That Saturday in November was crisp, and our back yard was already covered with leaves. The drought in our little Northeast corner of Tennessee had left the trees crunchy and dry instead of supple and bright. They were not their normal fantastic array of cheerful hues. The "fall" of the leaves, which normally takes a month, happened in just a couple of days. I was left standing at the back door looking across the yard and dreading the hard work before me.

My back yard is really not that large, but it is full of trees. Of course there is not one evergreen among them. They are all large, full and breathtaking. Under normal circumstances, I am quite a sap for Fall. It surpasses other seasons in colorful sights, incredible smells and natural wonders. A yard covered in an earth-tone patchwork quilt kindles many a-longing memories for me. That year, however, the yard only looked neglected and the circumstances were anything but normal. The leaves were dead before they even hit the ground.

I heaved a sigh, and before putting on my gloves I checked my pocket to be sure my cell phone was there. Yep, it was right where my neurotic fingers felt it just a minute ago. It was turned on and turned up as loudly as it would go. My phone was more than a luxury to me during that time. Both my husband and son were simultaneously deployed that year. One went to Iraq and one was off to Ft. Benning for training. I lived for the sweet sound of the unidentified caller's ring tone.

The first rule of home-front order is never allow your cell phone to go dead, and never set it down out of hearing range for even a nanosecond. The deployment gods take it as a challenge if you do. All military families know, either by personal experience or tribal knowledge, that the exact second a phone is unanswerable, a soldier half-way around the world, with whom you have not spoken in a month or more, will get a second to call. It's a curse, and a consistent one!

Grabbing my trusty rake with gardening gloves securely in place, I headed to the top of the slope in the yard.

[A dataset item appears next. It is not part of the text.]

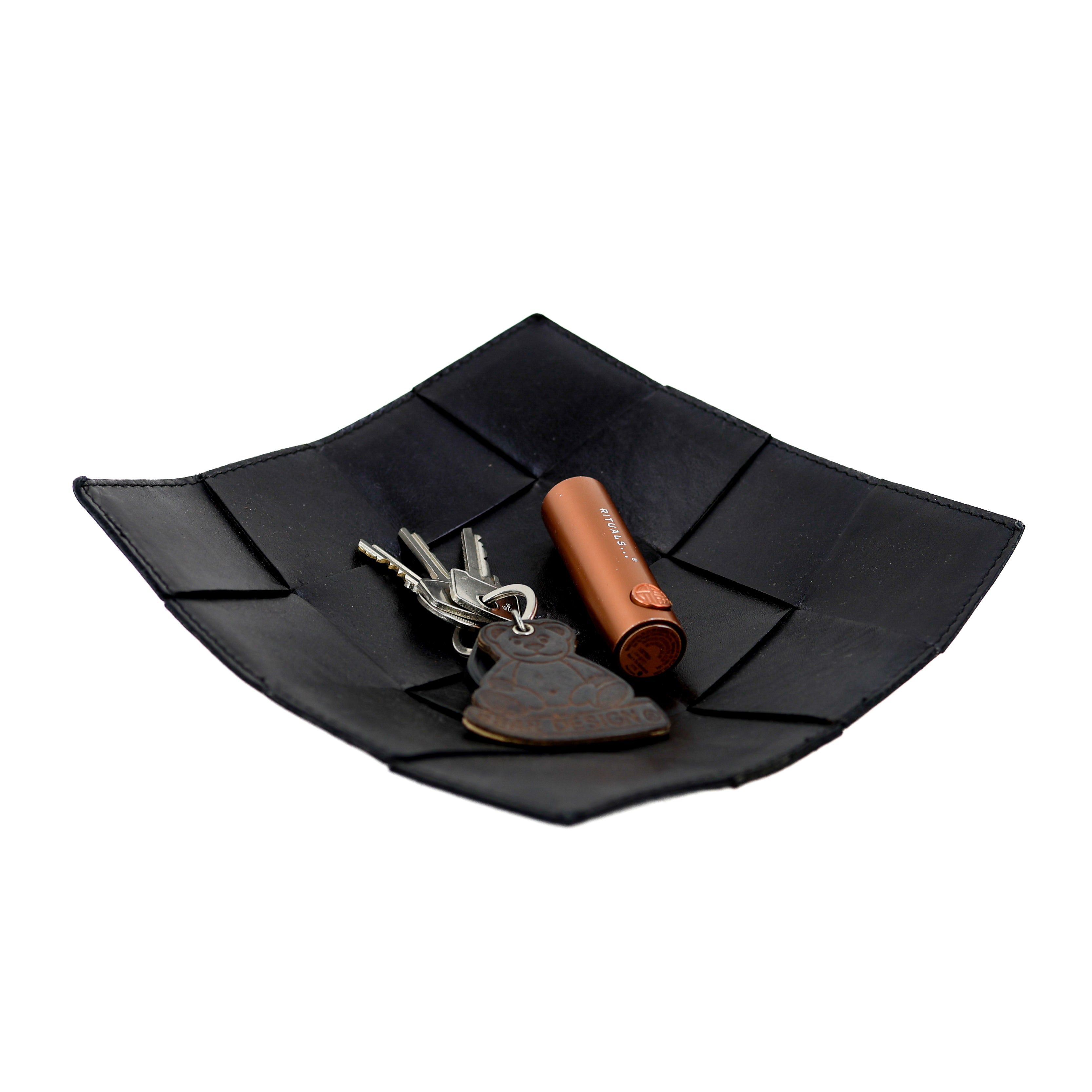 Leren decoratie tray/presenteerschaal 'Isabel' zwart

My thoughts drifted quite a bit as I started raking. It was easy to let them go because I really did not want to be there. I learned the benefit of daydreaming when I picked up cross-country running the year before. I drift between lucid thought and a daydream state when I am at a committed pace. Sometimes I can cover a mile before I realize I am running with my automatic pilot engaged.

Seasoned athletes call the dream state a "zone." It is a contrived altered state of consciousness that is used to stave off the driving desire to give up.

I continued raking with the the faithful assistance of my stubborn will. Unfortunately the debut of icy sweat on my neck was incongruous with my progress. I kept on moving and doing. If I didn't do it, who would? I was the only one there who was able. My little Emma held down the home front with me, but she was only four-years old at the time. She had to stay indoors with her granny. Emma was a beautiful joy as far as curly headed vandals go. Her presence outdoors while I worked could have caused a foliage debacle, and I was one set back away from being an emotional casualty of war.

My thoughts drifted back and forth between my husband and my son. I laughed at something Bryan said as we kissed good-bye. He whispered some scandalous proposition softly in my ear as we parted at the Officer's quarters that day back in July. Lamentably, I remembered the last hug I gave my son Mike as he prepared for the passage to the sandbox. Few take that passage without having their youth devoured. My mind drifted from child to child, bill to bill before settling on chore to chore. I was drifting, thinking, stewing and raking.

I was taken back by a sharp and sudden spasm. It was not in my back or my knee. It was in my heart, and with it lingered the acerbic taste of resentment liberally mixed with an equally wretched shot of guilt. The resentment was fleeting and small, but the guilt was it's usual ample proportion. Guilt is the savant slave driver of my conscience. It is always there, whether I deserve it or not. It is the only big thing, other than my hips, that I inherited from my mother.

I looked up sharply and awoke out of my halfhearted mind-drift,

"Here I am having a pity party for myself over having to rake these leaves." I scolded myself.

I felt guilty for thinking "I bet Bryan is having a day off today and resting. If Mike were here he would help me. Why do I have to do all of this stuff alone?" I was quite sure that raking leaves would have been a welcomed reprieve for both of them, but that offered no consolation in the moment.

Those of us left behind to tend the home front get tired too. For every picture distributed of soldiers fighting in war, there are family members lingering in shadows behind them. We are the other casualties of war, but seldom are we noticed or written about. I learned in a jiffy as an Army wife and mom that my soul came equipped with boot straps. It was essential knowledge for day to day survival.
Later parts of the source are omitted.